A Recipe for the Wall Street Journal (WSJ) corpus.

The WSJ corpus consists of about 80 hours of read sentences taken from the Wall Street Journal. The WSJ corpus can be purchased from the LDC:

as LDC93S6B (WSJ0) and LDC94S13B (WSJ1)
or the complete version of datasets: LDC93S6A (WSJ0) and LDC94S13A (WSJ1)

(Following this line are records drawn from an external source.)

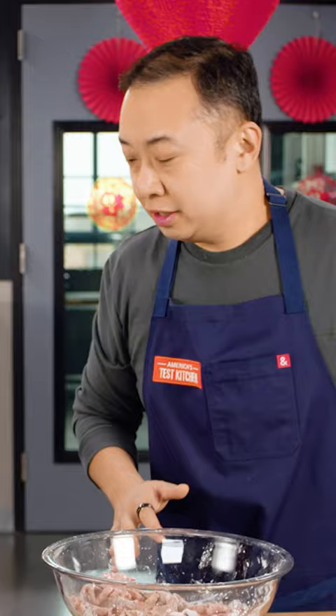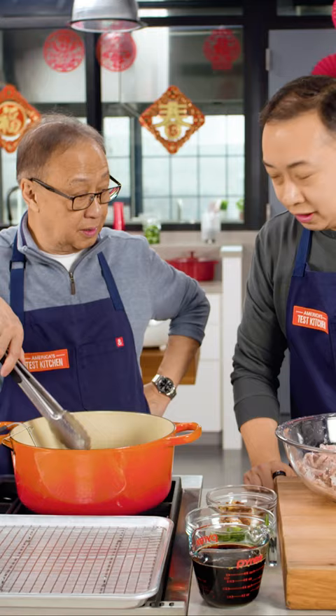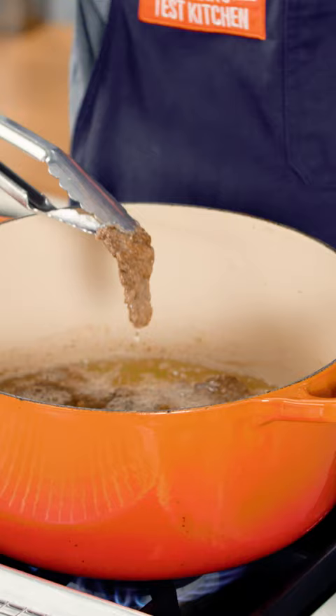In our recipe, we call for it to be cooked for four minutes. If you want it crispier, four minutes; a little bit more tender, about two to two and a half minutes. It's been about two and a half minutes — this looks to be the right doneness for us, so let's put this on the wire rack. We're going to let the beef drain and then fry the other two batches.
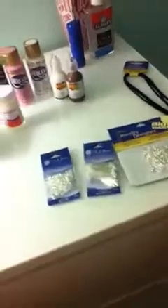The eye pins I got, by Blue Moon, come with 132 — small, medium, and large. The original price was $4 and I got it for $3.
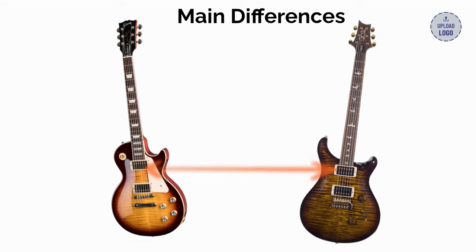Two, pickups: PRS TCI Tuned 85/15 humbuckers on the Custom 24 and two Gibson Burst Buckers on the Les Paul. Three, volume control: one in the PRS and two in the Les Paul. Four, tone control: one in the PRS and two in the Les Paul. Five, selector switch: a five-way blade in the PRS and a three-way toggle in the Les Paul.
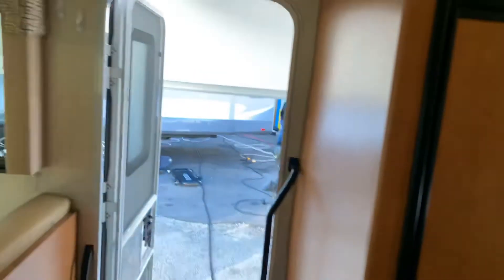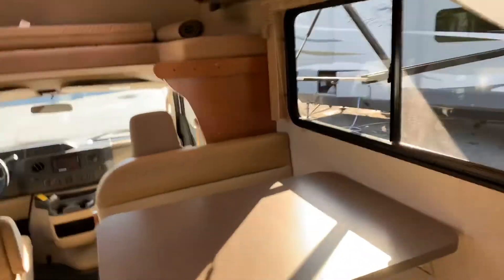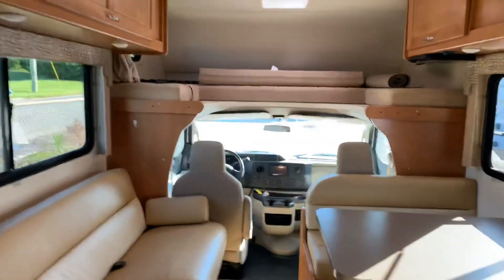On this unit I do believe we have covered everything. If you have any questions at all, just feel free to call here at Whitehorse RV and ask for me, Ian, or any of our technicians in the prep department. Thank you and have a nice day.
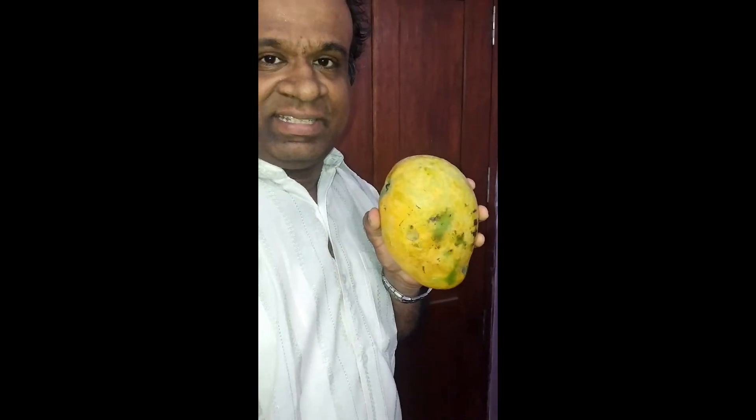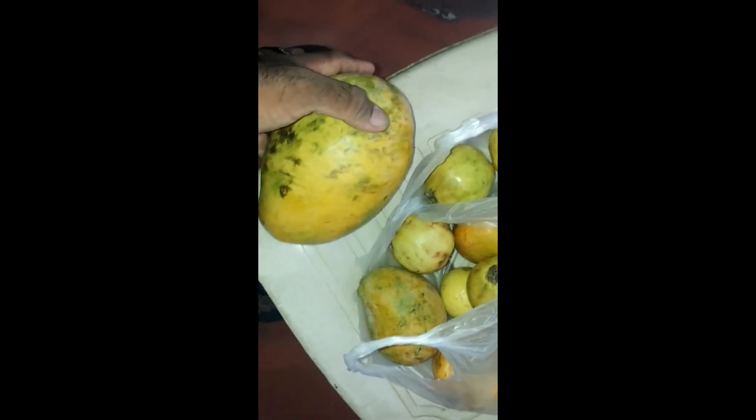And if I hold it against my arm, it is looking like this. If I had to look at other small mangoes, it is looking like this.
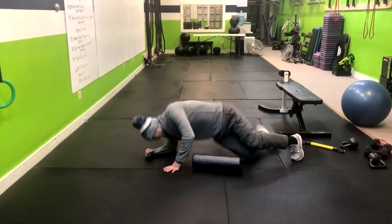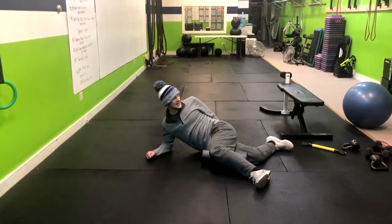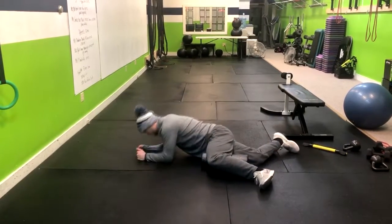First, lay down in a side position. Take the top leg and get a 90 degree angle, and face the ground.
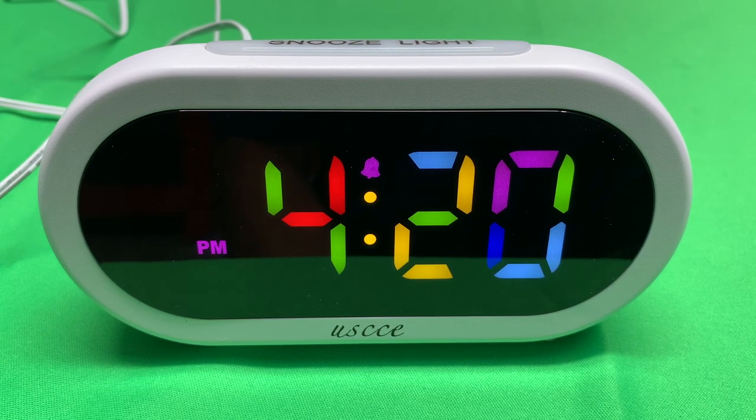I have the alarm set for 4:21, and I set it for birds chirping. Let's see how it does.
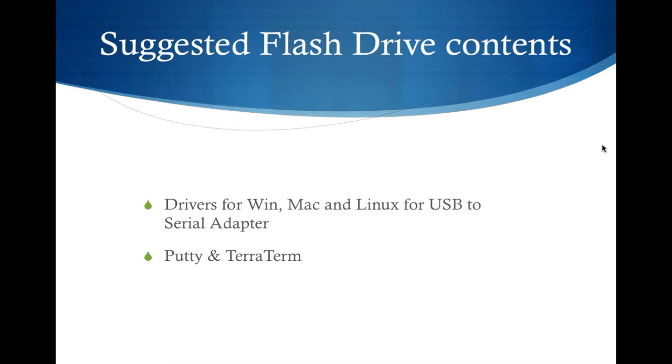TeraTerm is very handy for when you have to upload a new binary to a router or switch the old-fashioned way using the Xmodem file transfer protocol — and that's the only one I've found that still has that support in it.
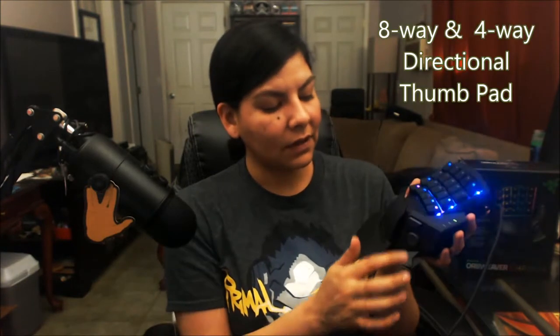Of course it has a comfortable grip pad and comfortable wrist pad. So you guys can see right here, see the light, nice mechanical keys, nice easy breezy thumb pad, eight directional, four directional keypad right there.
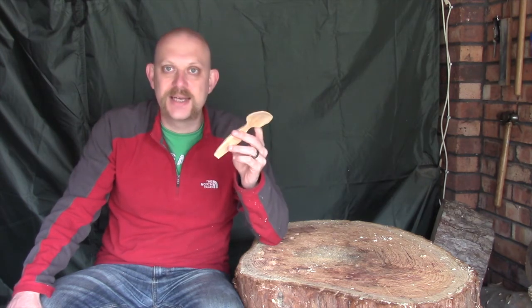Next week we'll be finishing off — sanding and oiling this spoon — so that's it for today guys. I hope it was useful. Comments and questions in the box below, hit like and subscribe if you'd like to see more, and I hope you'll all join me next time. Thanks guys.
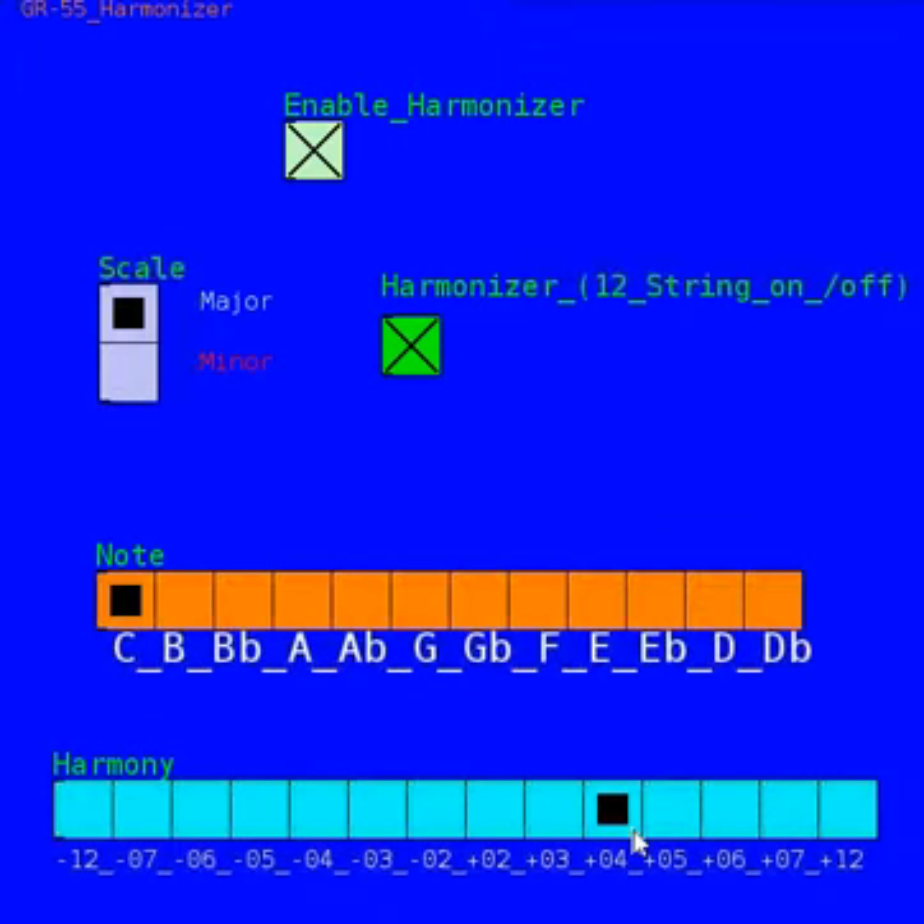That sounds pretty good. An octave up. We also have some oddball ones here, and some detuned ones — like a fifth down. It starts to get muddy when you get these really low.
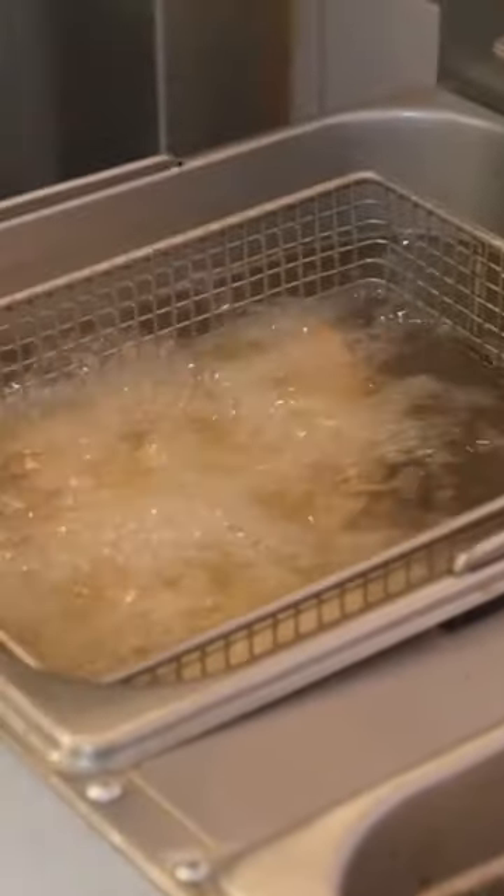All right, so the batter's like — it's almost like souffléd. It's best not to disturb it so much. Also, cook the fries simultaneously.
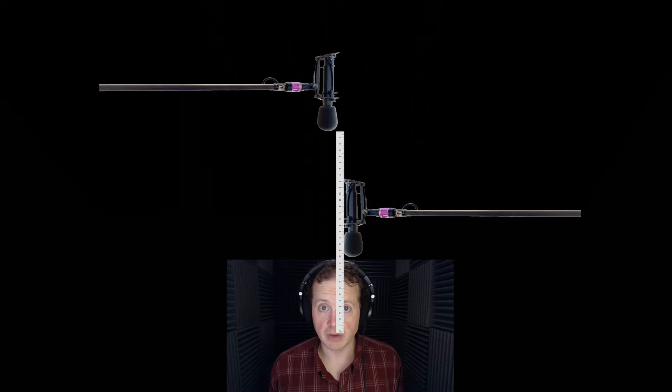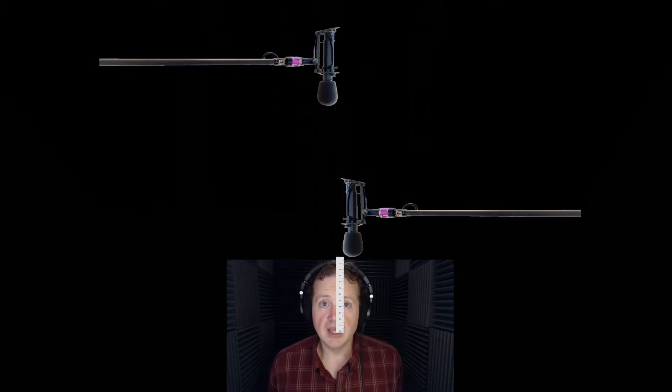That phasing is going to create some weird kind of echoing, distortion sounds, and it's very clear that there's a problem. The way you reduce this is by keeping in mind the three-to-one rule. The three-to-one rule states that if you have two microphones over a subject, you want to keep three times the distance between those microphones as there is between one microphone and the mouth of the subject.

In these experiments, we use three subsets following the Kaldi WSJ recipe:

train: 37416 utterances, referred to as si284 in Kaldi
dev: 503 utterances, referred to as nov93dev in Kaldi
test: 333 utterances, referred to as nov92 in Kaldi

Wav2Letter models

NOV93DEV WER % / LER %	NOV92 WER % / LER %	MODEL	PAPER
9.8 / 7.2	5.6 / -	conv_glu	Wav2Letter: an End-to-End ConvNet-based Speech Recognition System, Letter-Based Speech Recognition with Gated ConvNets

Prerequisites

Here and later we assume that complete version of data is downloaded, but the same steps can be used for B-version of WSJ.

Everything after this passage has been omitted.